* **Your assignment**: Print the data below verbatim, minus images.

* **Recorded information**:
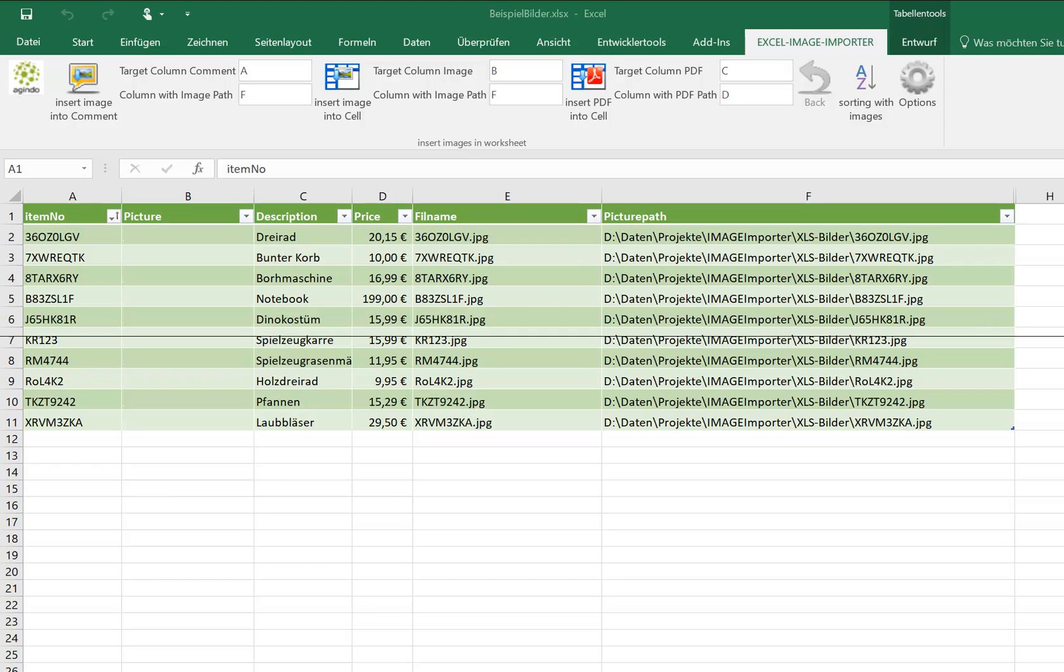Hello! See how easy we are able to insert pictures with one click into Excel cells.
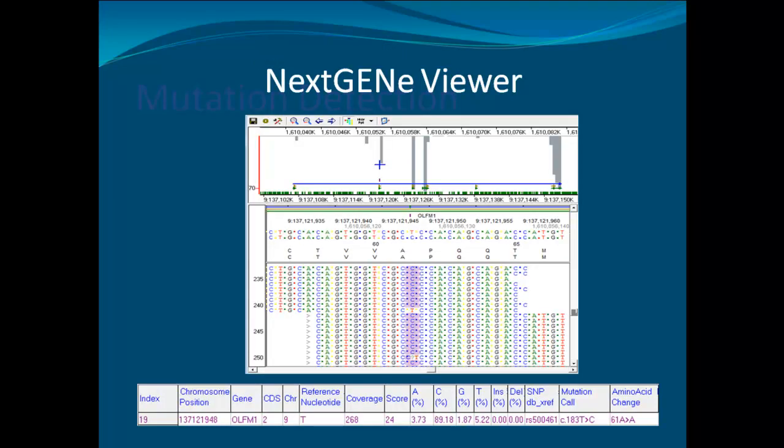In NextGene Viewer, all detected mutations are highlighted and listed in the mutation report. Purple is used for reported mutations and blue is used for novel mutations. The mutation report includes detailed information for each mutation, including annotation information like gene name, CDS number, chromosome name, and chromosome position. Statistics like coverage, nucleotide frequency, and the mutation confidence score are also shown. The report is highly flexible and can be filtered to show only coding sequence mutations, high reported mutations, high synonymous mutations, or filter out mutations with low confidence scores.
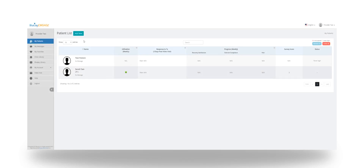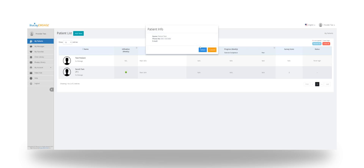After logging into the second provider's account, go to My Patients and then click the search bar at the top. Search for the patient's name, click it, and press Select.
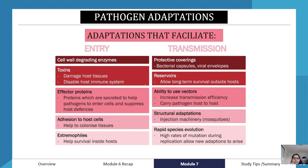Pathogens can also use vectors — as seen with the Plasmodium protozoa — which increases transmission efficiency by carrying the pathogen from one host to another. Structural adaptations include injection machinery, as seen with mosquitoes. Finally, rapid species evolution through higher mutation rates during replication allows new adaptations to arise.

* **Result of the exercise**:
Hello! See how easy we are able to insert pictures with one click into Excel cells.
In NextGene Viewer, all detected mutations are highlighted and listed in the mutation report. Purple is used for reported mutations and blue is used for novel mutations. The mutation report includes detailed information for each mutation, including annotation information like gene name, CDS number, chromosome name, and chromosome position. Statistics like coverage, nucleotide frequency, and the mutation confidence score are also shown. The report is highly flexible and can be filtered to show only coding sequence mutations, high reported mutations, high synonymous mutations, or filter out mutations with low confidence scores.
After logging into the second provider's account, go to My Patients and then click the search bar at the top. Search for the patient's name, click it, and press Select.
Pathogens can also use vectors — as seen with the Plasmodium protozoa — which increases transmission efficiency by carrying the pathogen from one host to another. Structural adaptations include injection machinery, as seen with mosquitoes. Finally, rapid species evolution through higher mutation rates during replication allows new adaptations to arise.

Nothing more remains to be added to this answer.